Ce nid d’abeilles géant, elle l’a réalisé dans un cabanon de Figannières (Draguignan). Fait de papier levé à la cuve, il rend hommage à la créativité des abeilles, qui fabriquent un nid d’alvéoles à partir de salive mêlée de bois ou de cires. Comme le fait la papetière Nicole Callebaut.
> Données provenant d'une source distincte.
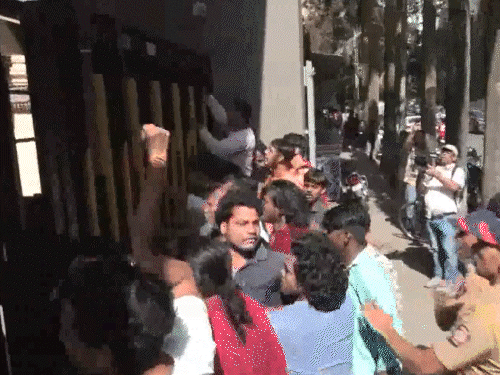 મુંબઈની સોસાયટીમાં બકરા લાવવા પર વિવાદ:બે પક્ષો વચ્ચે મારામારી, ચાકુ વડે હુમલાનો આરોપ; વિસ્તારમાં પોલીસ બંદોબસ્ત ગોઠવાયો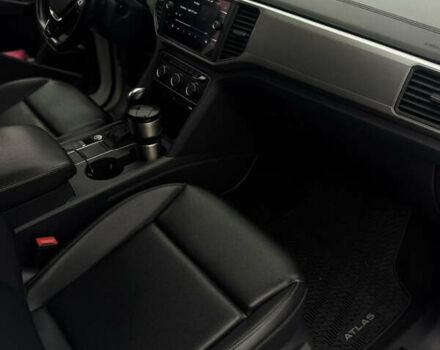 Білий Фольксваген Atlas, об'ємом двигуна 3.6 л та пробігом 111 тис. км за 21400 $, фото 18 на Automoto.ua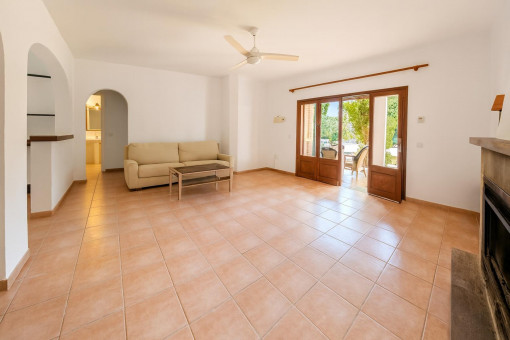 Sala de estar amplia con chimenea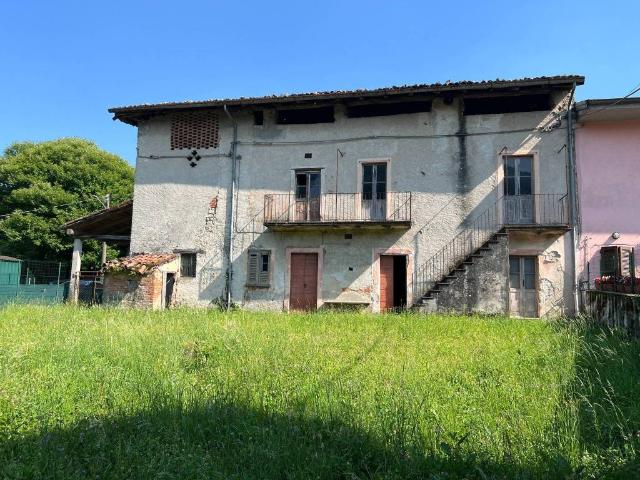 Rustico in vendita a Comunità Montana Valli del Verbano, Cittiglio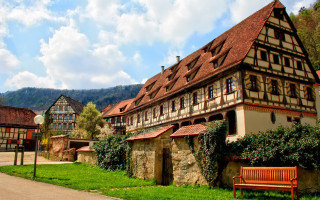 Heidelberg building red roof wooden - a grassy area free wallpaper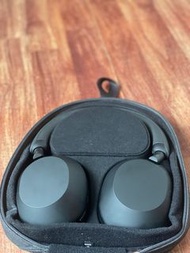 Sony WH-1000XM5 not XM4 Bose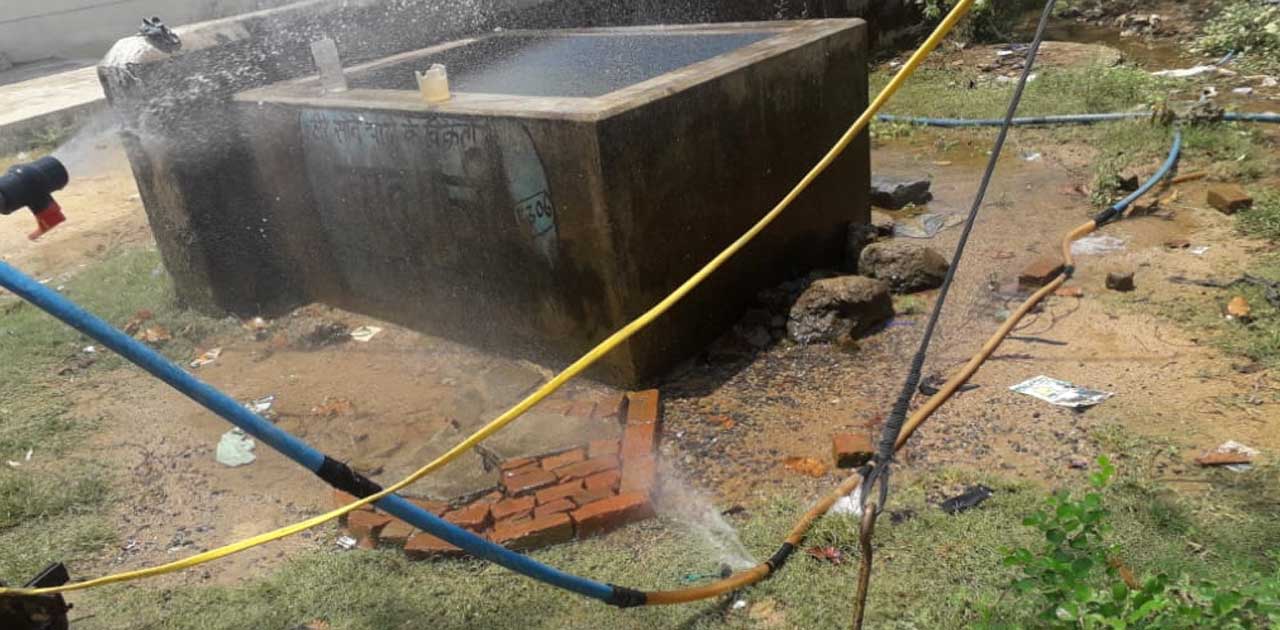 ग्राम पंचायत नरसिंगपुर में प्रत्येक दिन व्यर्थ बह रहा है पान... - CG Sandesh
Si elle a été très influencée par Soulages, Jasper Johns, ou Rauschenberg, c’est dans des ateliers d’artistes, à New York, qu’elle a perfectionné ce métier pendant plusieurs années. Dans des disciplines aussi variées que peinture, sculpture, assemblages. « C’est à New York que je me suis découverte moi-même, dit-elle, que j’ai compris qu’une tension au fond de moi voulait s’exprimer. Il faut être très forte là-bas, l’apprentissage est dur. » En Algarve, où elle a une maison, elle a créé avec le maire de Loulé une école d’art d’été, qu’était venu inaugurer le directeur de la Fondation Gulbenkian, de Lisbonne. Loulé est la capitale traditionnelle de l’artisanat d’osier, dans cette région inondée de soleil. Très logiquement, elle s’en est emparée pour réaliser d’étonnantes créations, comme une mappemonde géante, avec des écrans diffusant des vidéos d’André Goldberg sur les beautés de la Terre et les dangers qui les menacent. Elle l’avait baptisée « A hazardous Future », Un avenir hasardeux.Elle ne croyait pas si bien dire. S.P.